= Riviera del Corallo =

The Riviera del Corallo (Costera del Coral in Catalan Algherese) is a coastal stretch of north-west Sardinia in the south of the Nurra plain, which includes the town of Alghero. It is so called because of the great importance of the red coral that is fished in its waters and worked to make jewellery and ornaments since the days of ancient Rome.

It is a tourist region comprised almost entirely in the town of Alghero, overlooking the Sea of Sardinia, more precisely on the bay of Alghero.

In addition to Alghero there are some hamlets, among which are Fertilia, Maristella, Tramariglio. These otherwise quiet places are crowded especially in the summer months. The Alghero-Fertilia/Riviera del Corallo airport serves the area, attracting numerous tourists both Italians and foreigners due to the growing supply of domestic and European destinations.

Its territory includes the two main types: mostly flat in the area south of the city and mixed north: here is the highest relief of the area, Mount D' Olla or Doglia, which with 442 meters, It stands as the highest peak in the area. In the northwest instead it stands the massive promontory of Capo Caccia that dominates the bay.

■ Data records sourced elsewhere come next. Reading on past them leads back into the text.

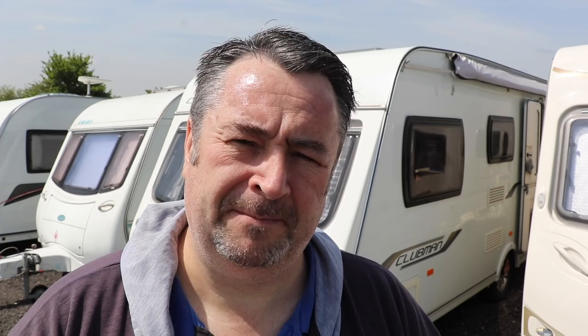Sure enough, they've sent through three products for me to share with you today. I'm going to show you how to use them, some hints and tips, and also answer some common questions about each product. So let's get on with it and start off down at the hitch of the caravan.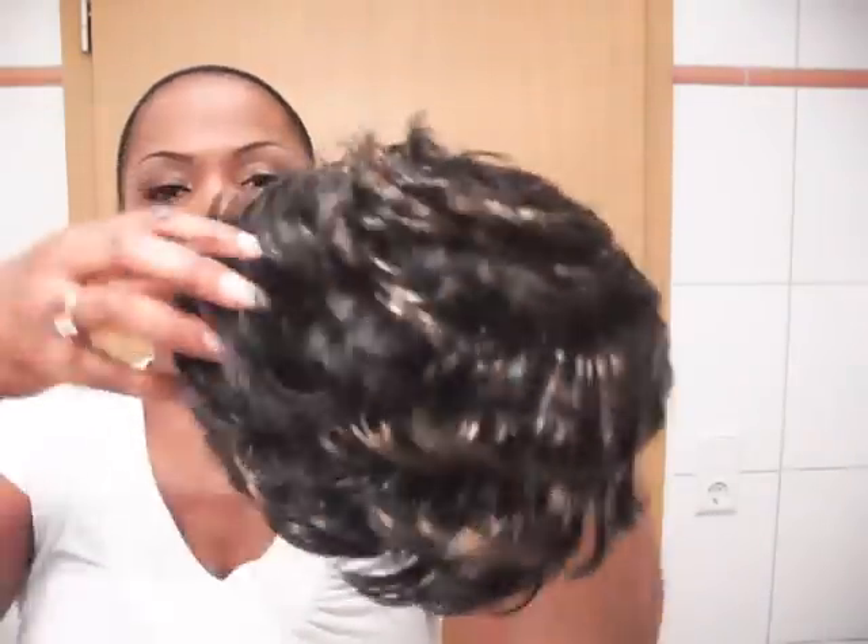Jamie has that feathered round top going on. Jamie is the sister to the Virgin — I really like the Virgin — but they didn't have the Virgin, so Jamie is what they did have in this particular style.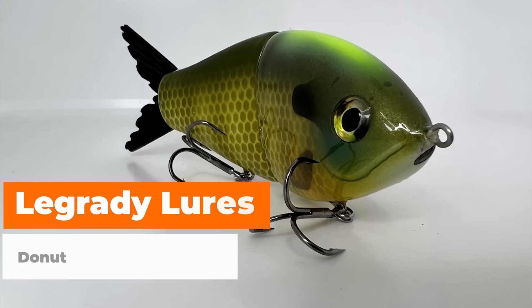So you're chasing a new personal best — this is one of the best times to do it. We're talking about a lot of big female bass up shallow. One of the best ways to catch those fish is to throw a glide bait like this LaGrady Lures Donut. Those big females are going to be up shallow, but they're going to be hanging around isolated targets.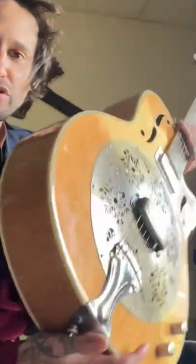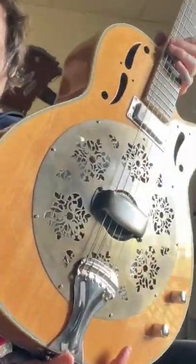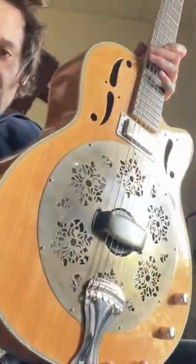Congratulations. You should be at this point right now. The cover plate is mounted. Everything is tuned. Everything is snug.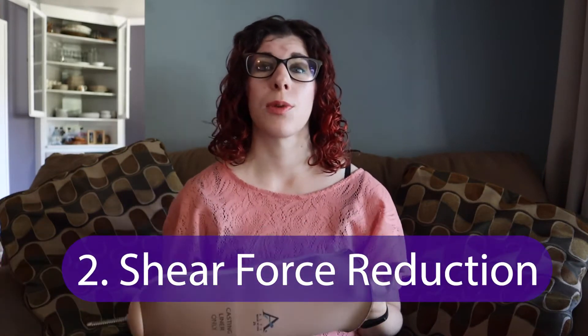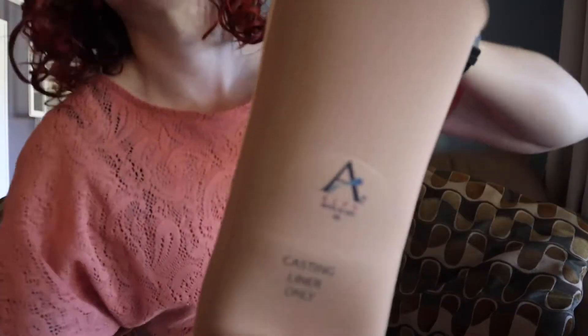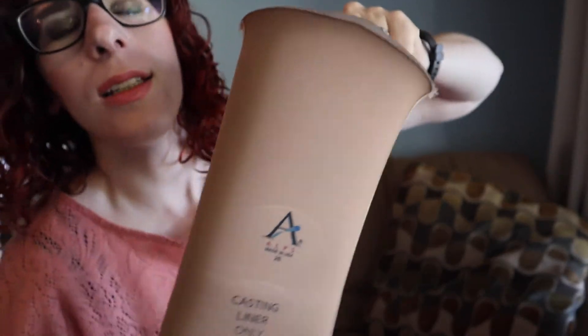You're also going to look at how it reduces shear forces. Some liners are a lot more tacky on the inside, giving increased friction that holds better on your limb, but that can cause shear forces especially with more delicate skin. Other liners are more slick and have less friction. You'll also look at elasticity — how much it stretches both longitudinally and circumferentially.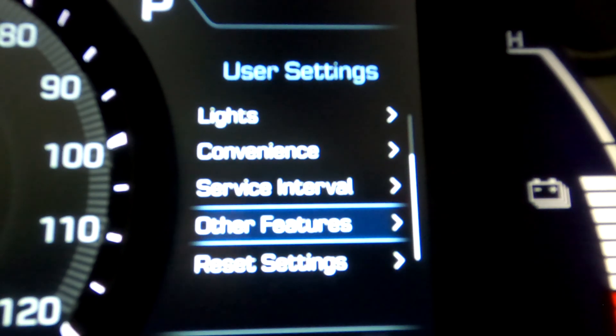Last but not least is reset settings, which resets all the settings back to the factory default — as if the car was brand new. If you don't like any of these settings and can't figure out what you changed, you can always hit reset settings and start fresh. Setting them all back up really doesn't take too long — probably about as long as this video, or actually a lot shorter.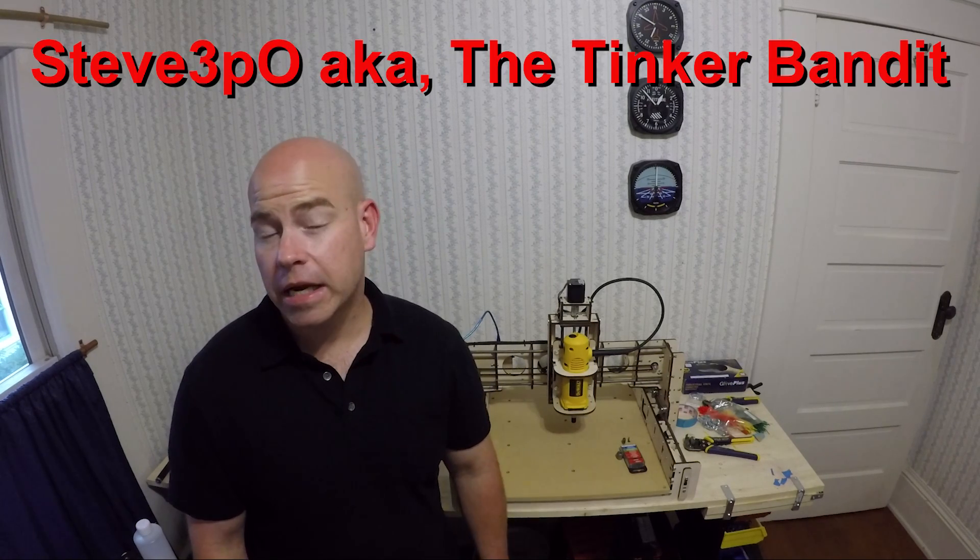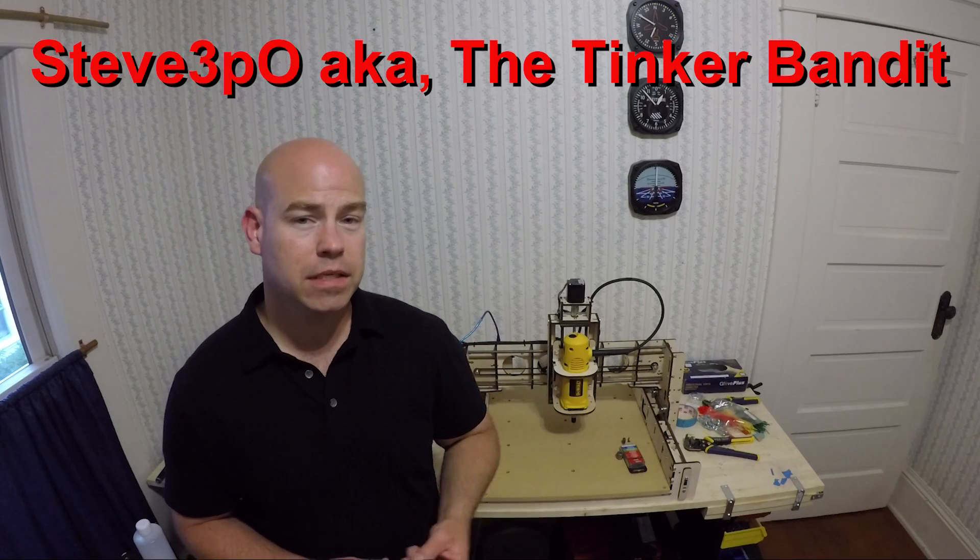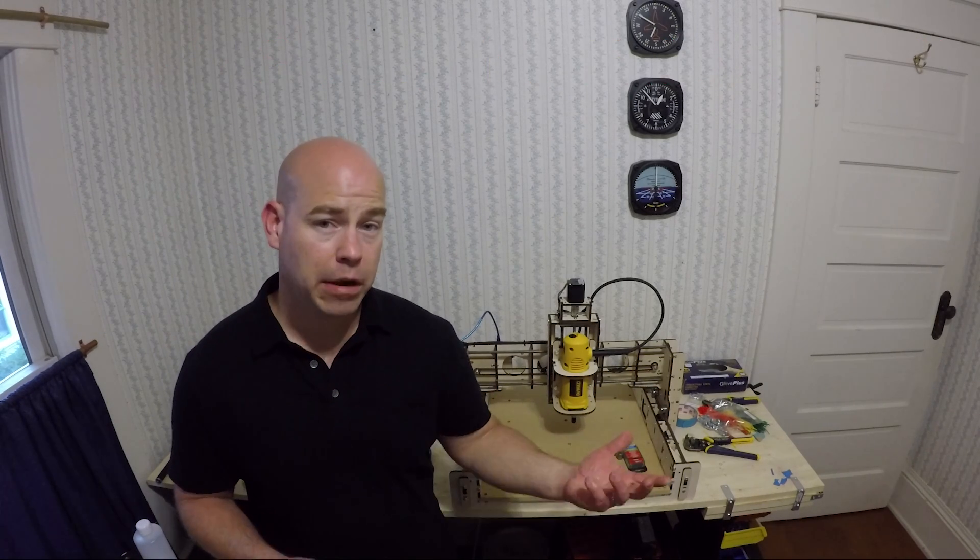Hi YouTube. Steve Threepio, The Tinker Bandit here, and right here I've got a fully assembled Bob CNC E3 CNC router.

Along the coast ar many inlets and the southern part of the coast looks jagged (with the exception of Poglina beach at La Speranza); in the northern part is devoted to beaches that wind from the port of Alghero to Fertilia (about 7 km) and then give way, once the hamlet, inlets and coves interspersed with beaches including Bombarde, to arrive in Porto Conte, near which lies the village of Maristella. Proceeding to the north - west is the Mugoni beach before arriving to meet the villages of Tramariglio and Pischina Salida, before arriving at Capo Caccia, where, among other things, is land access to the Neptune's Grotto.